- **Brief**
Output exactly, in the material below, the lines from the one with "Estación Central Haitianas" through the one with "Elvan Mahallesinde Katta". Omit all pictures.

- **Extracted material**
----

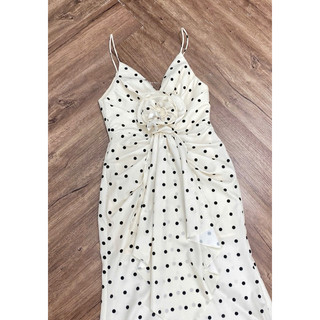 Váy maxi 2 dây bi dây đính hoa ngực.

----

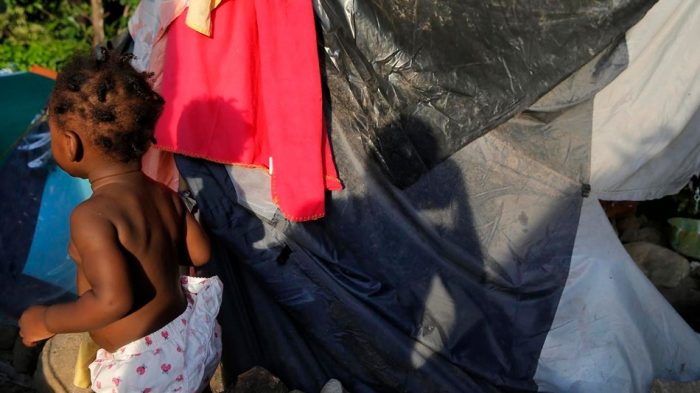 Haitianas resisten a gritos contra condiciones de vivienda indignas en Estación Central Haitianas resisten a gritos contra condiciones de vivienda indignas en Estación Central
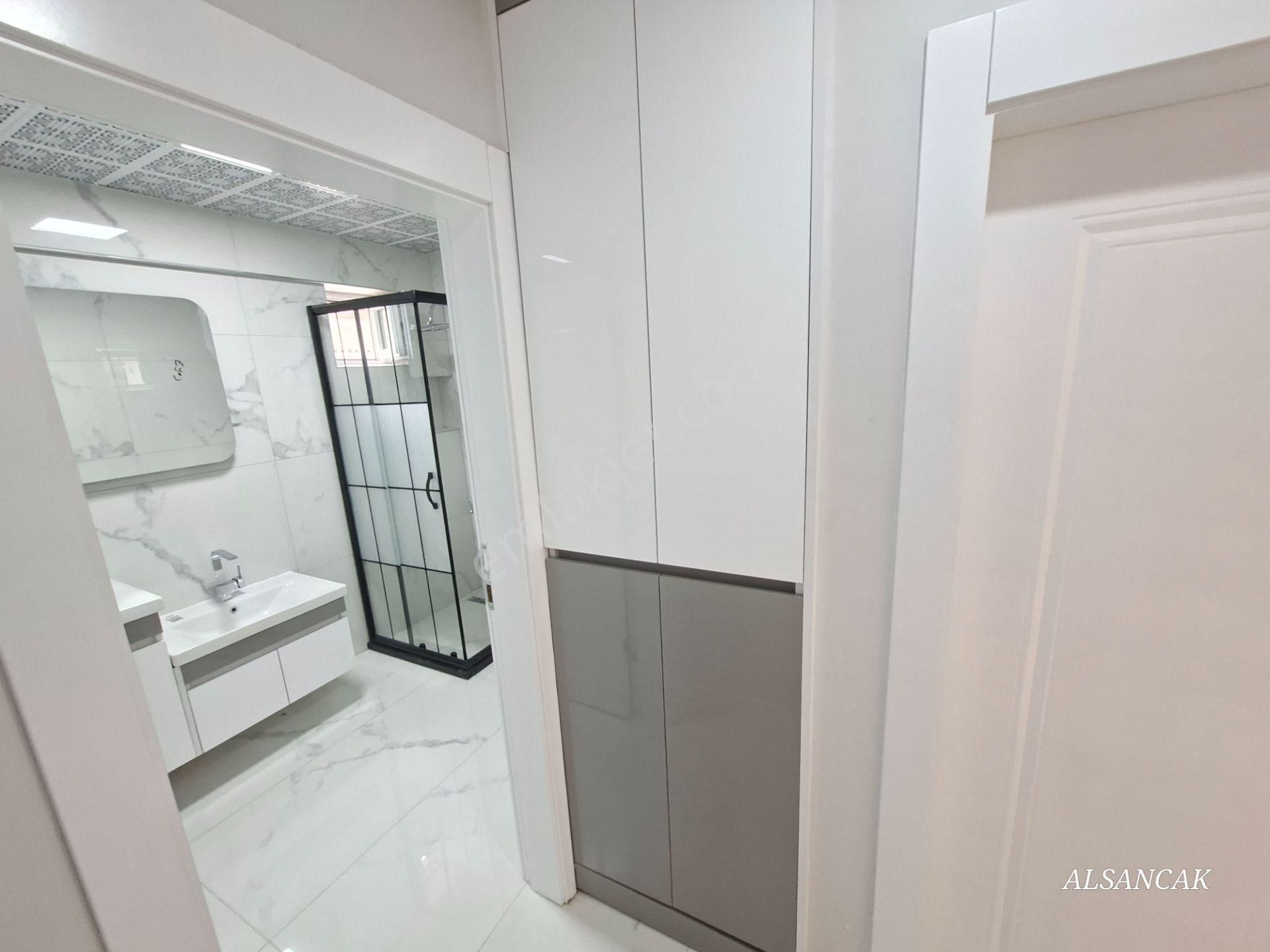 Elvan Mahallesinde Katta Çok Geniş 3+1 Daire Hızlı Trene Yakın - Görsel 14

----

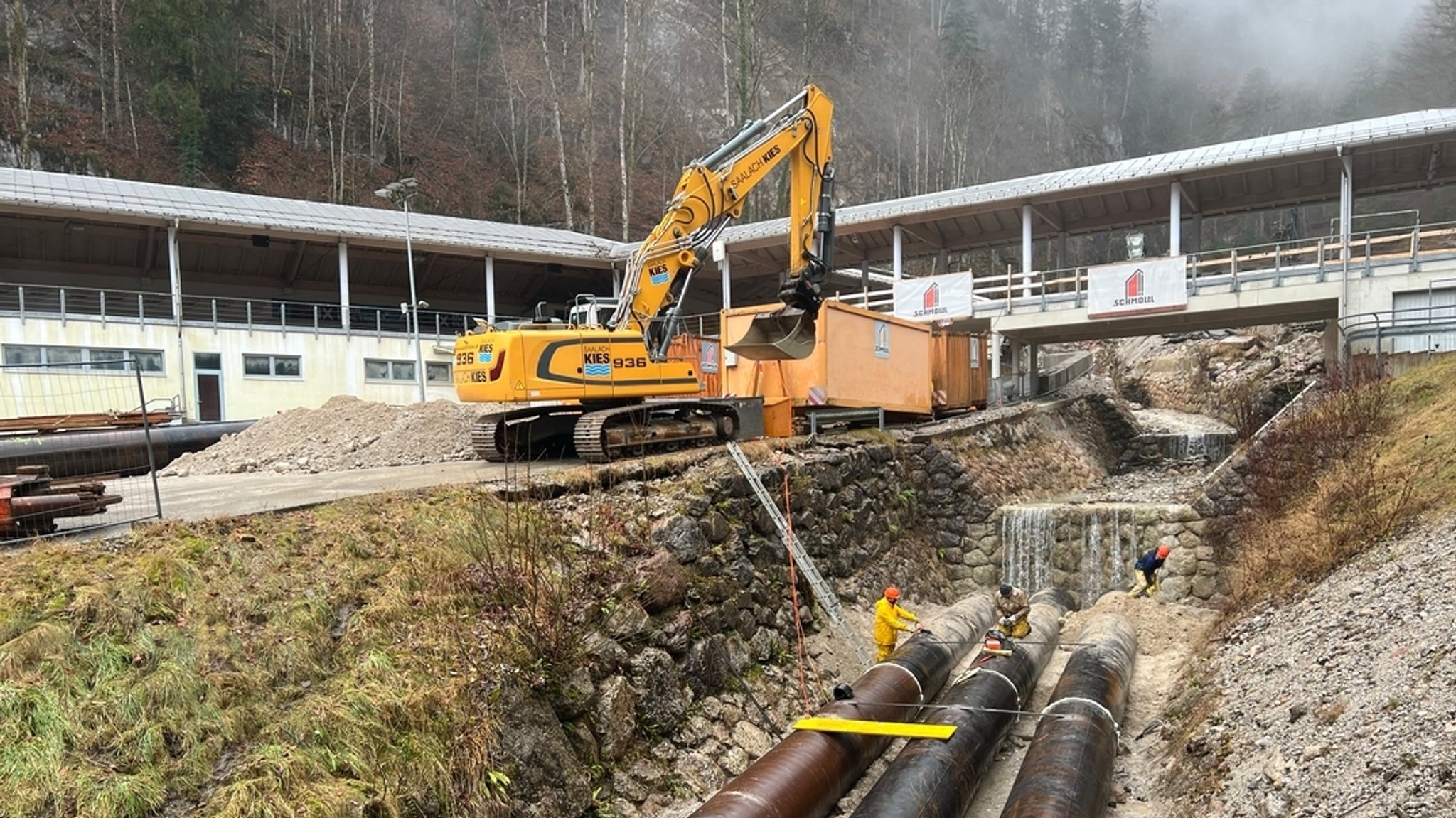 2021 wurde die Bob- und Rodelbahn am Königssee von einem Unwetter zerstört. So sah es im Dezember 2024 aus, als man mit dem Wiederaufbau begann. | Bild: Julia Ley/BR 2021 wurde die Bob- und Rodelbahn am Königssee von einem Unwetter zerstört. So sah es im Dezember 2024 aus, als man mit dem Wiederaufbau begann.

----

- **Expected answer**
 Haitianas resisten a gritos contra condiciones de vivienda indignas en Estación Central Haitianas resisten a gritos contra condiciones de vivienda indignas en Estación Central
 Elvan Mahallesinde Katta Çok Geniş 3+1 Daire Hızlı Trene Yakın - Görsel 14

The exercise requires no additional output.